● **Directions**
Print exactly the line that contains "Tjori - White" along with every line beneath it to the end of the records below, and omit pictures.

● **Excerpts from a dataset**
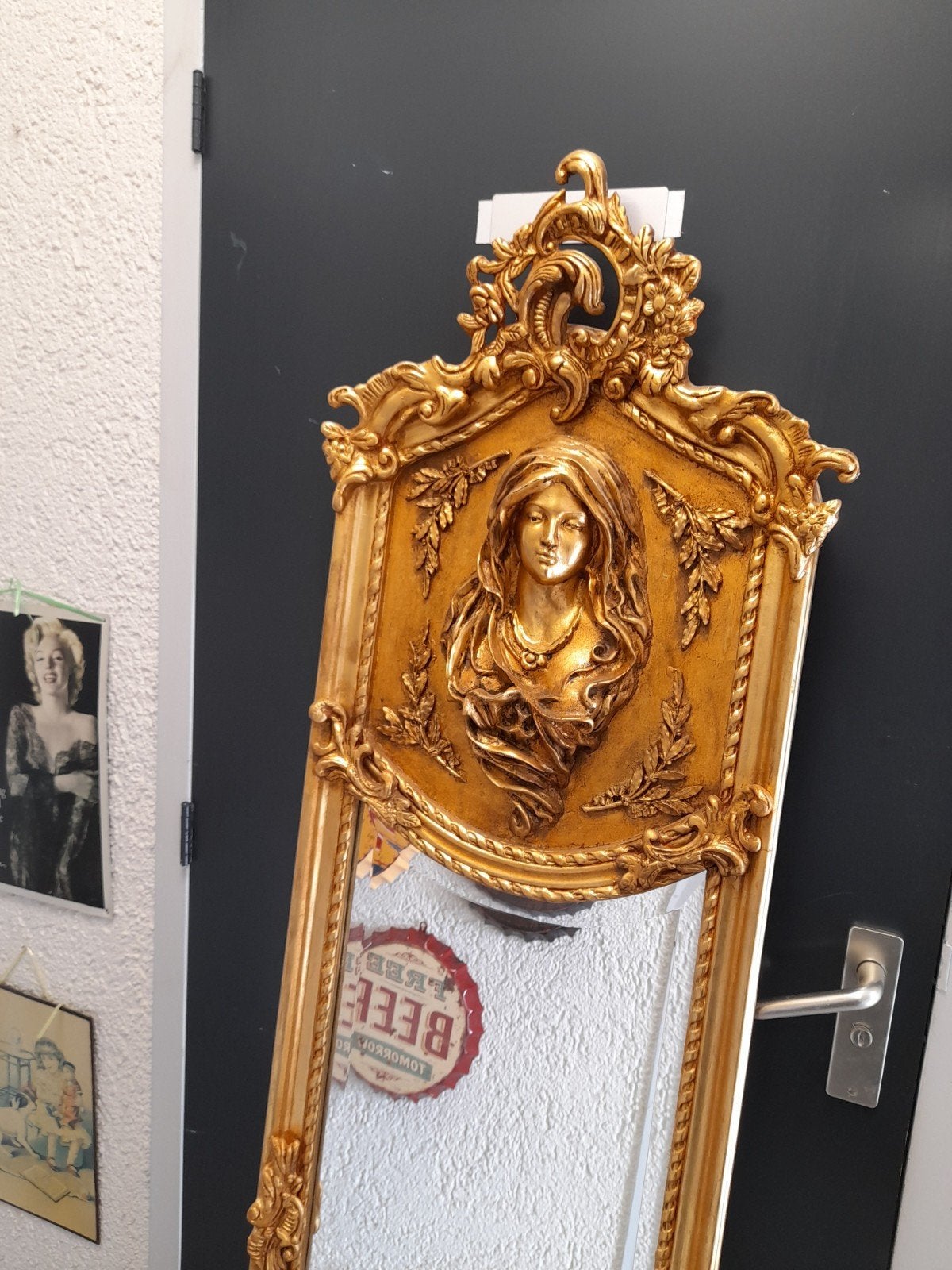 Zeer mooie barok kuif spiegel, Ophalen, Ovaal, Minder dan 50 cm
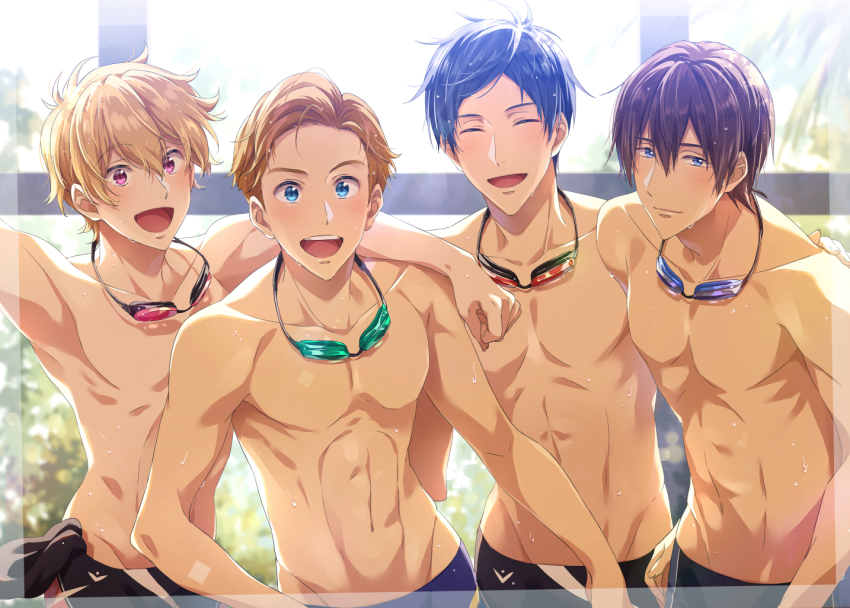 4boys :d ^_^ abs arm_around_shoulder armpits black_jammers black_male_swimwear black_swim_briefs blue_eyes blue_hair blue_jammers blue_male_swimwear blurry blurry_background brown_hair closed_eyes closed_mouth collarbone competition_swimsuit day depth_of_field forehead framed free! goggles goggles_around_neck groin hand_on_another&#039;s_back hand_on_another&#039;s_shoulder hayafune_romio hazuki_nagisa isurugi_shizuru jammers light_brown_hair looking_at_viewer male_focus male_swimwear multiple_boys navel no_eyewear no_nipples one-piece_swimsuit open_mouth palm_tree pectorals pink_eyes poolside round_teeth ryuugazaki_rei smile stomach swim_briefs swimsuit teeth toned toned_male topless_male tree upper_body upper_teeth_only wet wet_hair window zattape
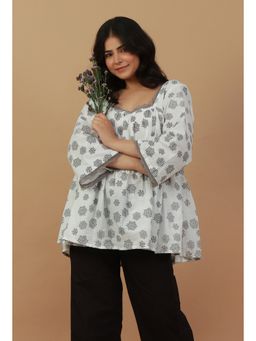 Tjori - White Hand Block Printed Cotton White Tunic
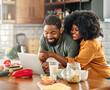 © Lumos sp - kitchen couple woman man food together cooking preparation ingredient laptop recipe internet computer happy love preparing eating home dinner vegetable relationship boyfriend girlfriend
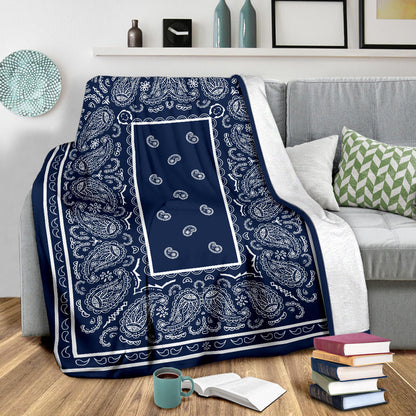 Dark Navy and White Bandana Fleece Throw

● **Result**
 Tjori - White Hand Block Printed Cotton White Tunic
 © Lumos sp - kitchen couple woman man food together cooking preparation ingredient laptop recipe internet computer happy love preparing eating home dinner vegetable relationship boyfriend girlfriend
 Dark Navy and White Bandana Fleece Throw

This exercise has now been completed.